**DIRECTIONS**
Copy all the entries below exactly, but not the pictures.

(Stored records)
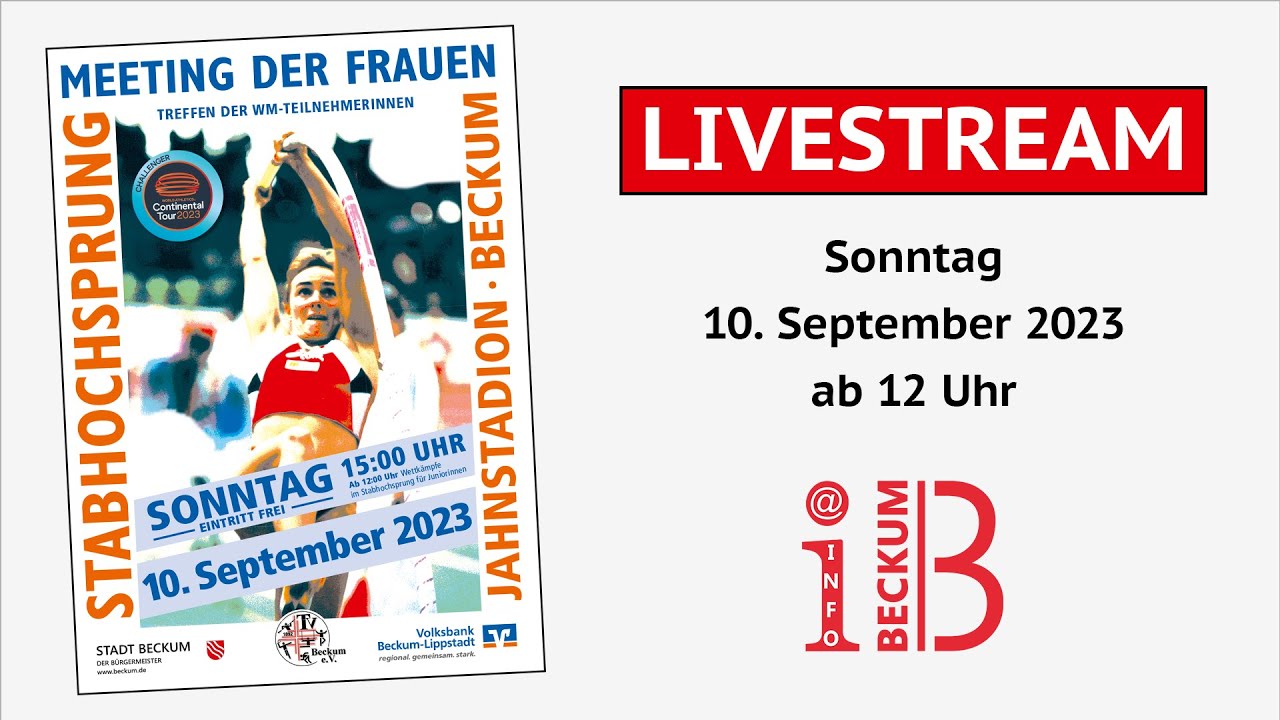 23. Volksbank Stabhochsprung-Meeting 2023 - Beckum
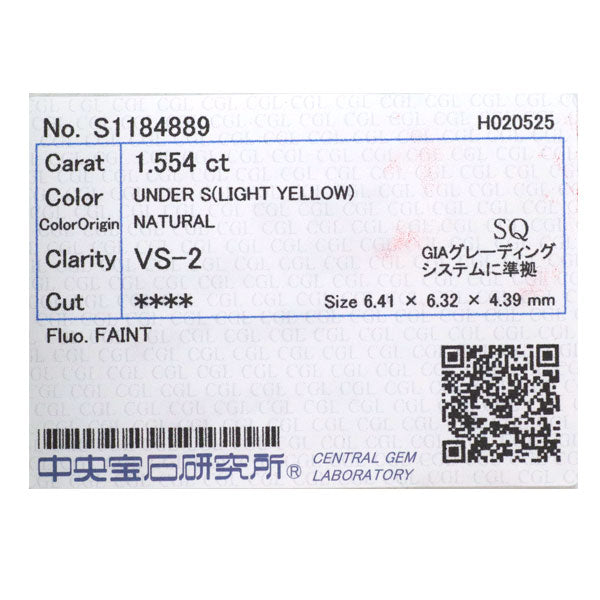 Pt850/Pt900/K18YG プリンセスカット ダイヤモンド ペンダントネックレス 1.554ct LY VS2 D1.307ct フラワー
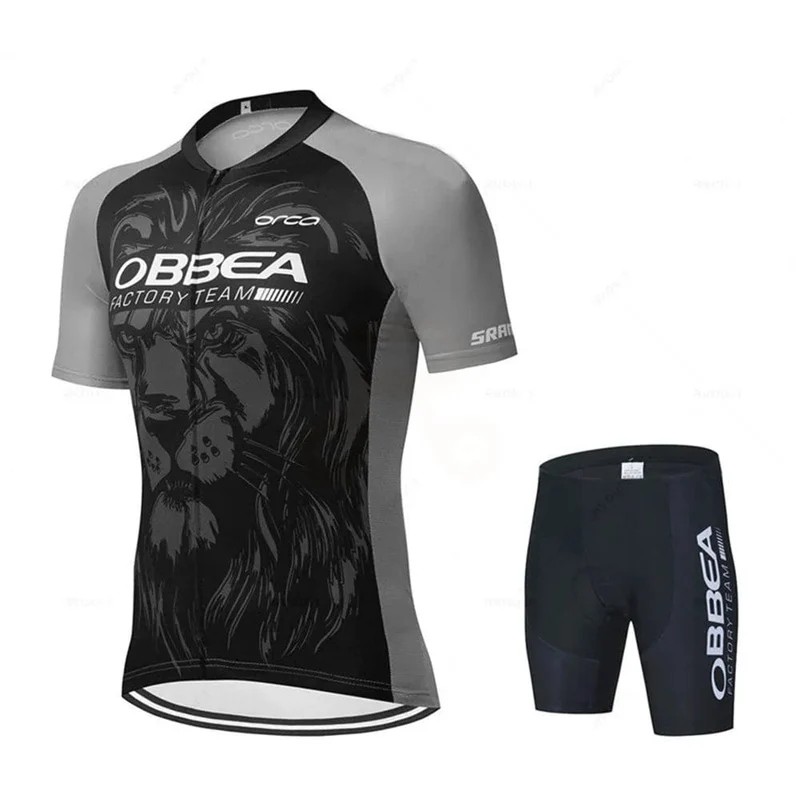 Hiru Herren-Radtrikot-Sets, kurzärmelig, Sommer, Pro-Team, Rennrad-Bekleidung, atmungsaktiv, MTB, Fahrrad-Trägeranzug, Ciclismo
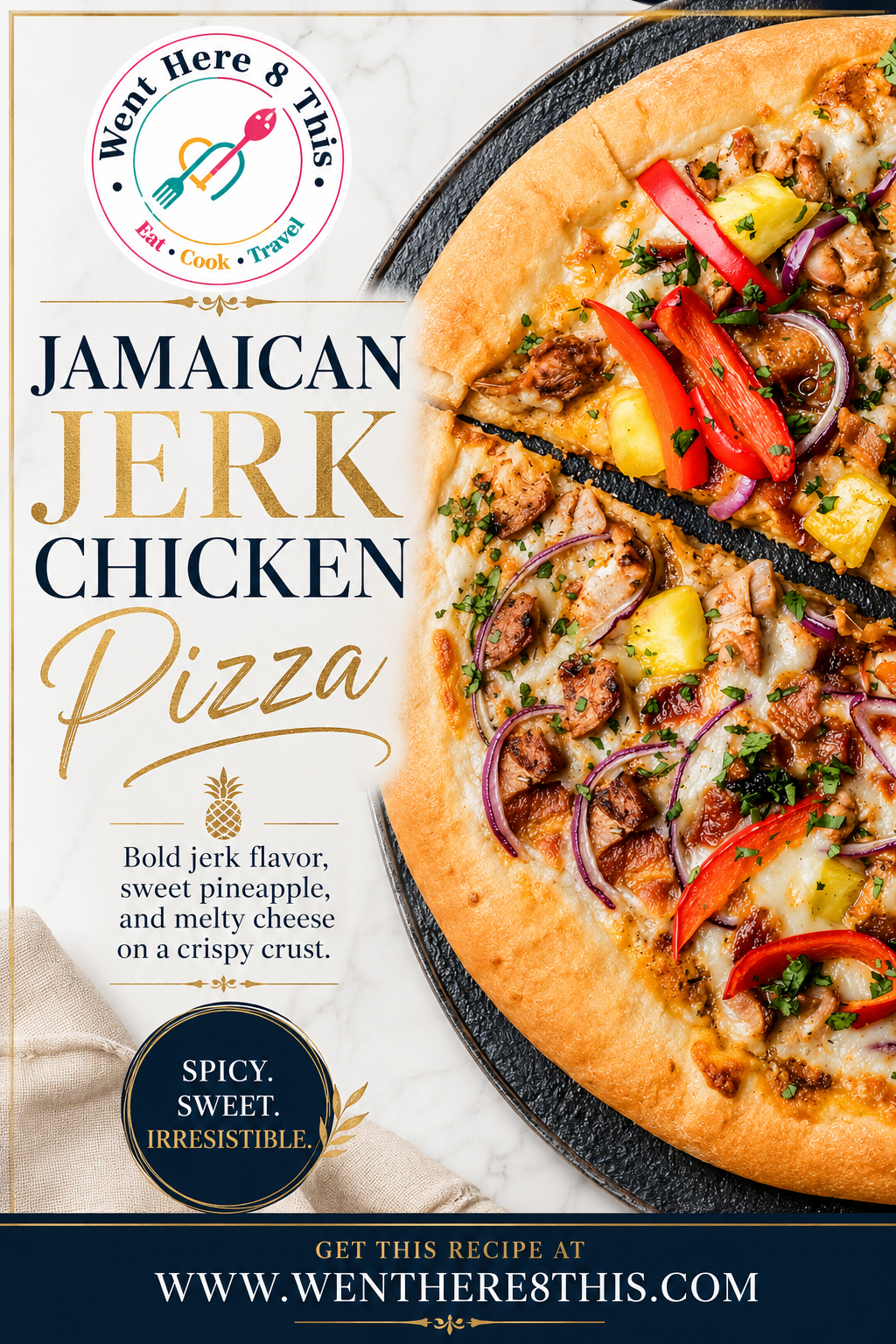 Jamaican Jerk Pizza
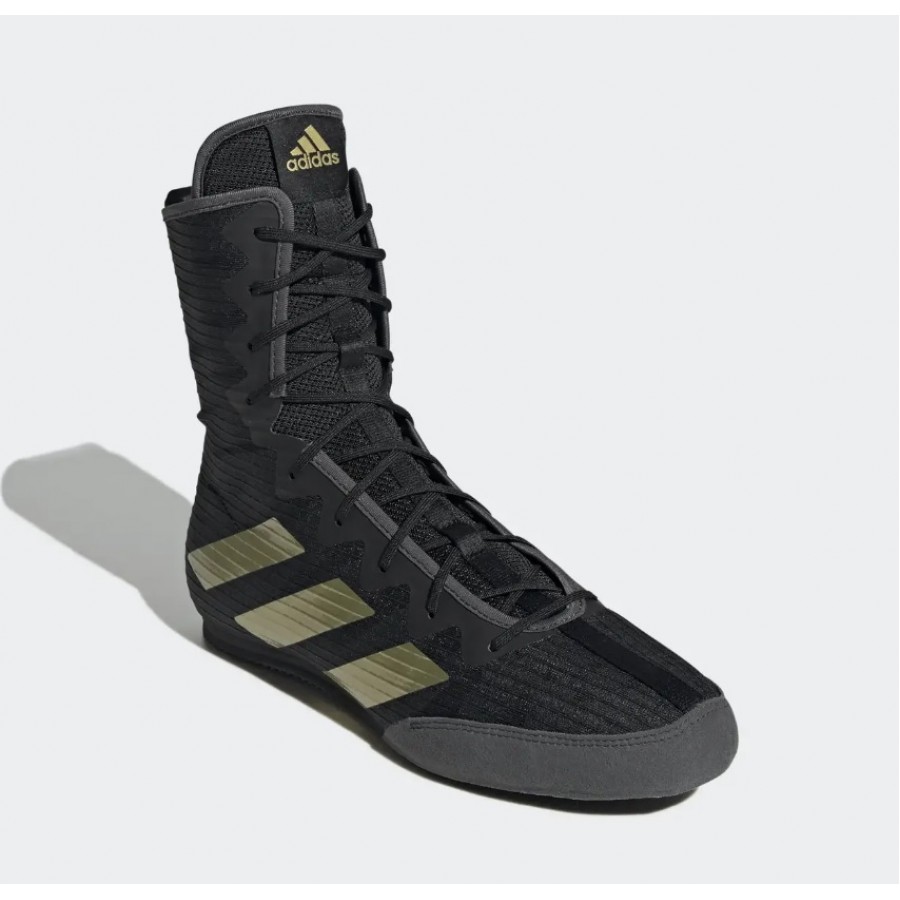Обувь для бокса (боксерки) Box Hog 4 | черно/золотой | ADIDAS GZ6116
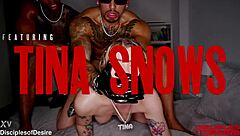 Tina Snow gets smashed raw late night by huge BBC in garage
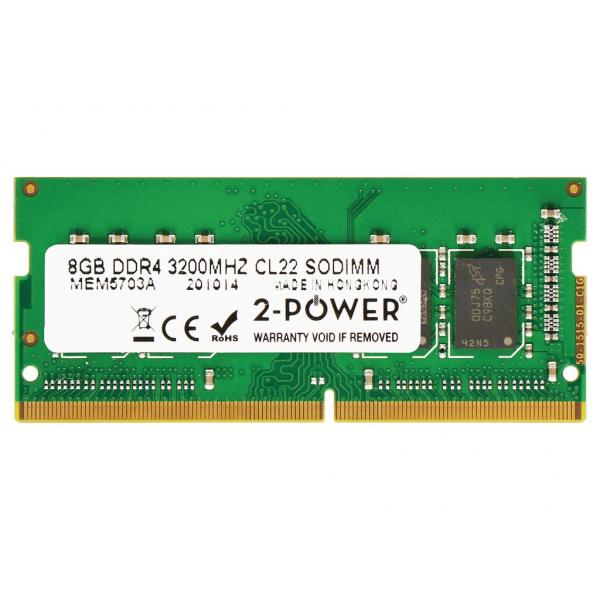 2-Power 2P-5M30Z71689 memoria 8 GB 1 x 8 GB DDR4 260-pin SO-DIMM (8GB DDR4 3200MHz CL22 SODIMM)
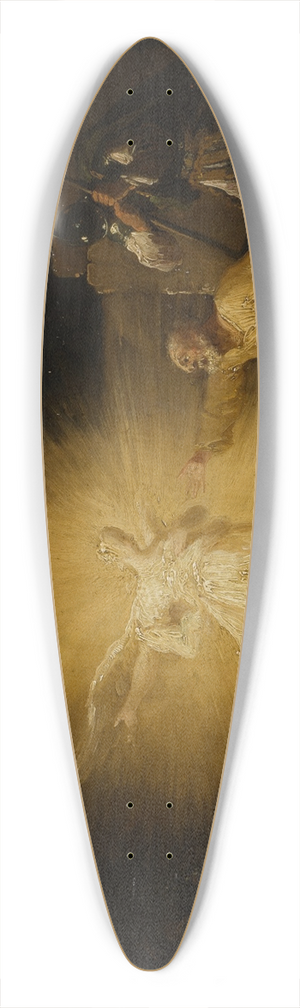 Johann Georg Trautmann - The Liberation of St Peter 39.3 inch art pintail longboard deck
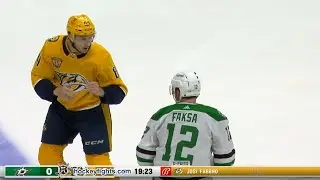 Radek Faksa vs Tanner Jeannot Feb 24, 2022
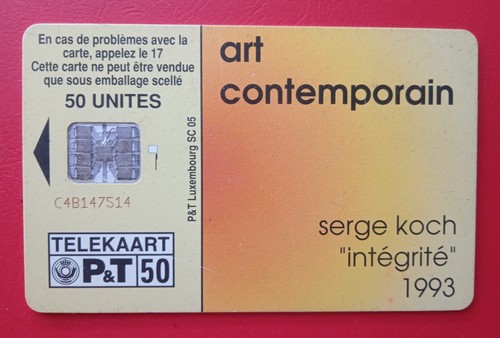 Télécarte luxembourg sc05 - luxembourg,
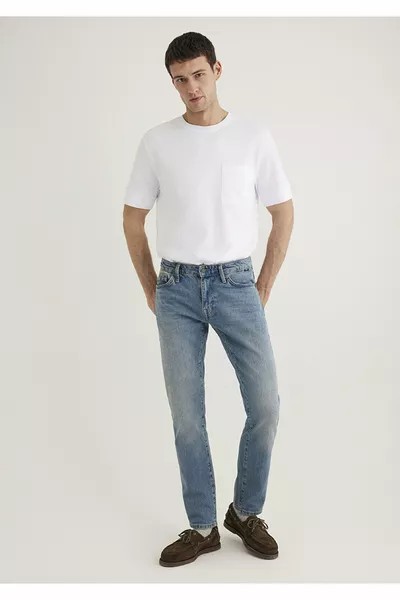  جينز أزرق للجينك ميد فنتج كومفورت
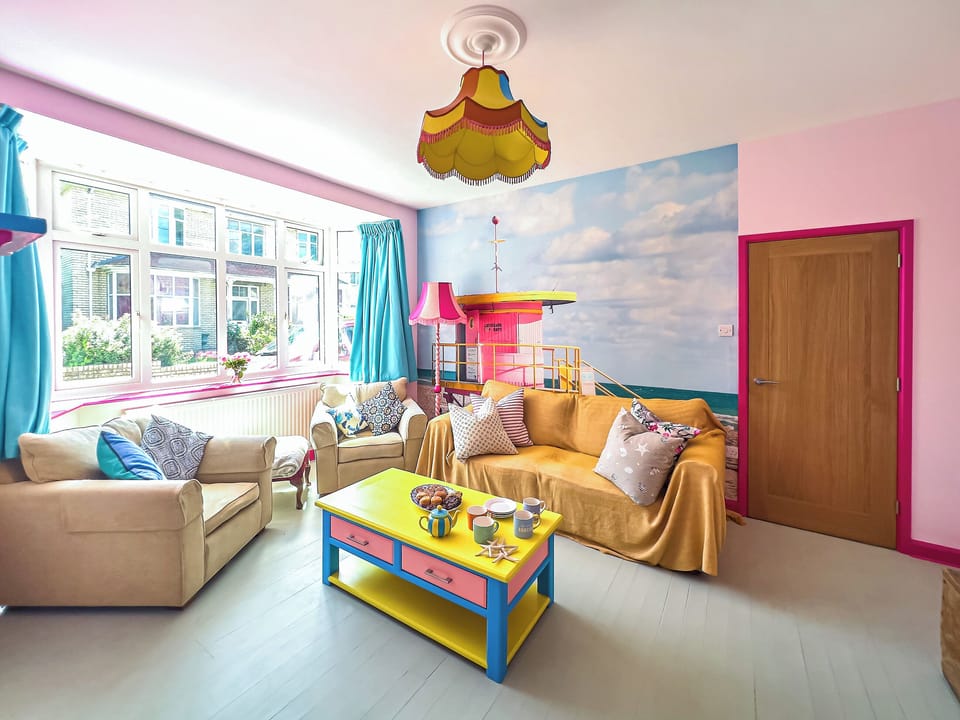 Living room | Aqua - A Beach Bedroom, Combe Martin, near Ilfracombe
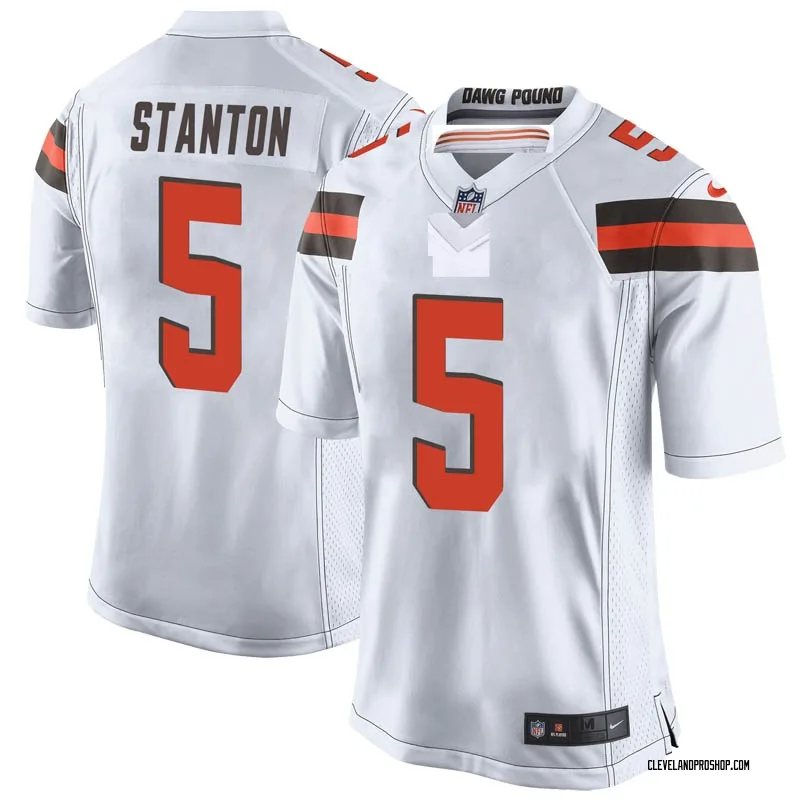 White Youth Drew Stanton Cleveland Browns Game Jersey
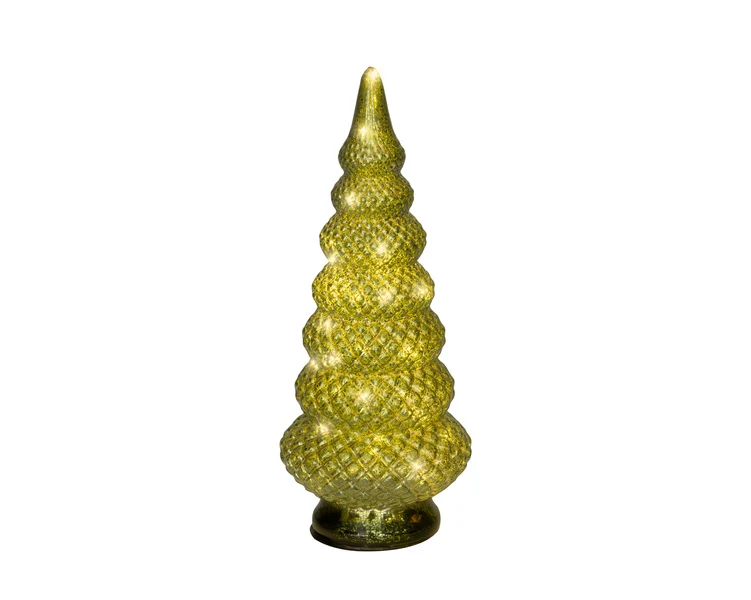 Kaemingk Albero In Vetro Con Micro Led Stabile Coperto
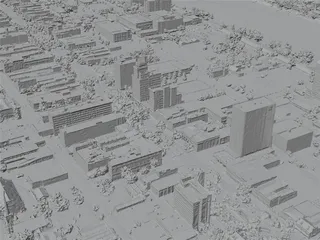 Augusta City, GA, USA (2023) 3D Model preview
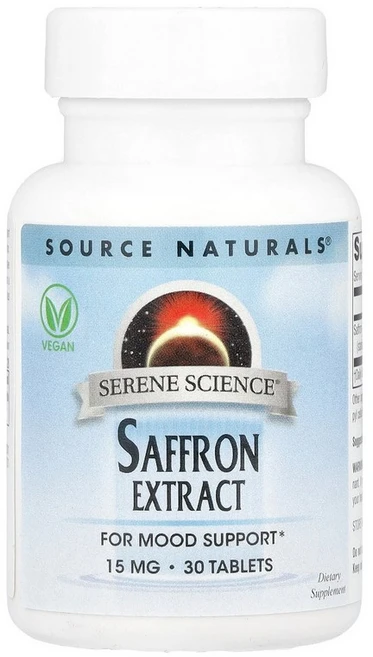 Source Naturals Serene Science® Saffron Extract 15 mg 30 Tablets, 30 count, 1개, 30정 - 쿠팡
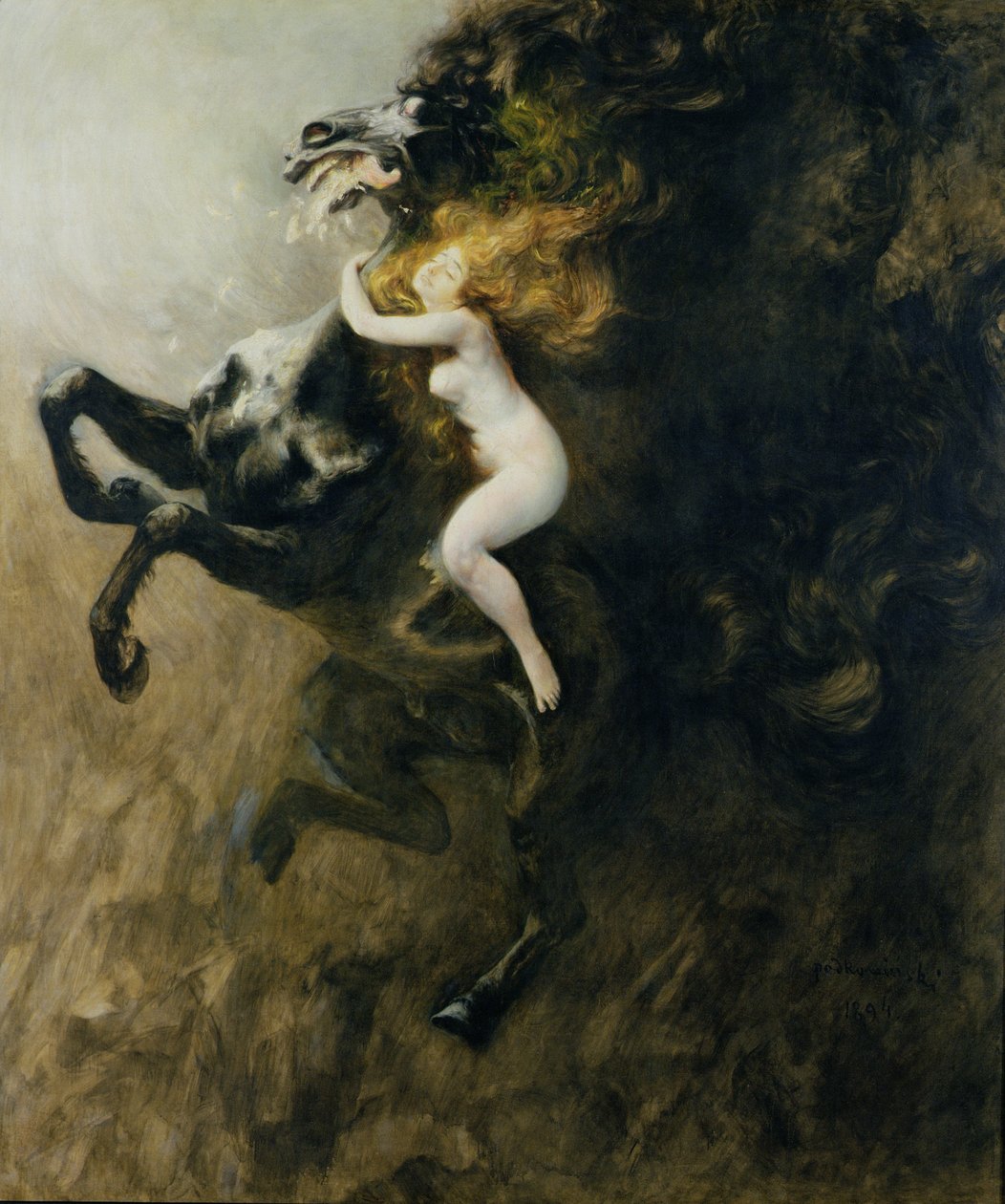 Frenzy of Elations or Frenzy of Dreams, 1894 af Wladyslaw Podkowinski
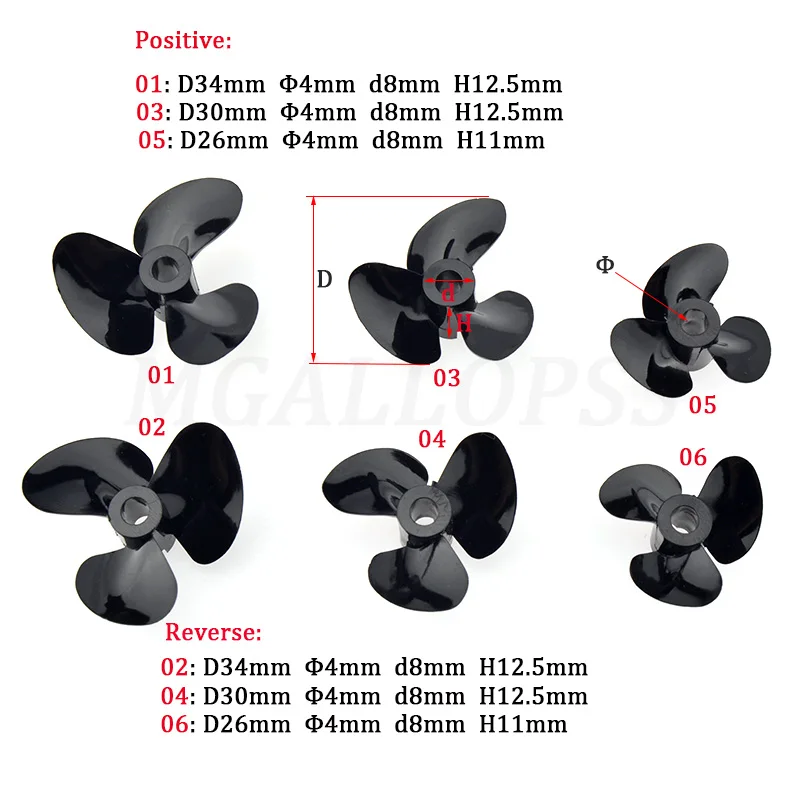 1PC (양/역방향) 3 블레이드 플라스틱 고속 나사  - Propeller Balancer Tool 리뷰 및 가격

**WRITTEN RESPONSE**
 23. Volksbank Stabhochsprung-Meeting 2023 - Beckum
 Pt850/Pt900/K18YG プリンセスカット ダイヤモンド ペンダントネックレス 1.554ct LY VS2 D1.307ct フラワー
 Hiru Herren-Radtrikot-Sets, kurzärmelig, Sommer, Pro-Team, Rennrad-Bekleidung, atmungsaktiv, MTB, Fahrrad-Trägeranzug, Ciclismo
 Jamaican Jerk Pizza
Обувь для бокса (боксерки) Box Hog 4 | черно/золотой | ADIDAS GZ6116
 Tina Snow gets smashed raw late night by huge BBC in garage
 2-Power 2P-5M30Z71689 memoria 8 GB 1 x 8 GB DDR4 260-pin SO-DIMM (8GB DDR4 3200MHz CL22 SODIMM)
 Johann Georg Trautmann - The Liberation of St Peter 39.3 inch art pintail longboard deck
 Radek Faksa vs Tanner Jeannot Feb 24, 2022
 Télécarte luxembourg sc05 - luxembourg,
  جينز أزرق للجينك ميد فنتج كومفورت
 Living room | Aqua - A Beach Bedroom, Combe Martin, near Ilfracombe
 White Youth Drew Stanton Cleveland Browns Game Jersey
 Kaemingk Albero In Vetro Con Micro Led Stabile Coperto
 Augusta City, GA, USA (2023) 3D Model preview
 Source Naturals Serene Science® Saffron Extract 15 mg 30 Tablets, 30 count, 1개, 30정 - 쿠팡
 Frenzy of Elations or Frenzy of Dreams, 1894 af Wladyslaw Podkowinski
 1PC (양/역방향) 3 블레이드 플라스틱 고속 나사  - Propeller Balancer Tool 리뷰 및 가격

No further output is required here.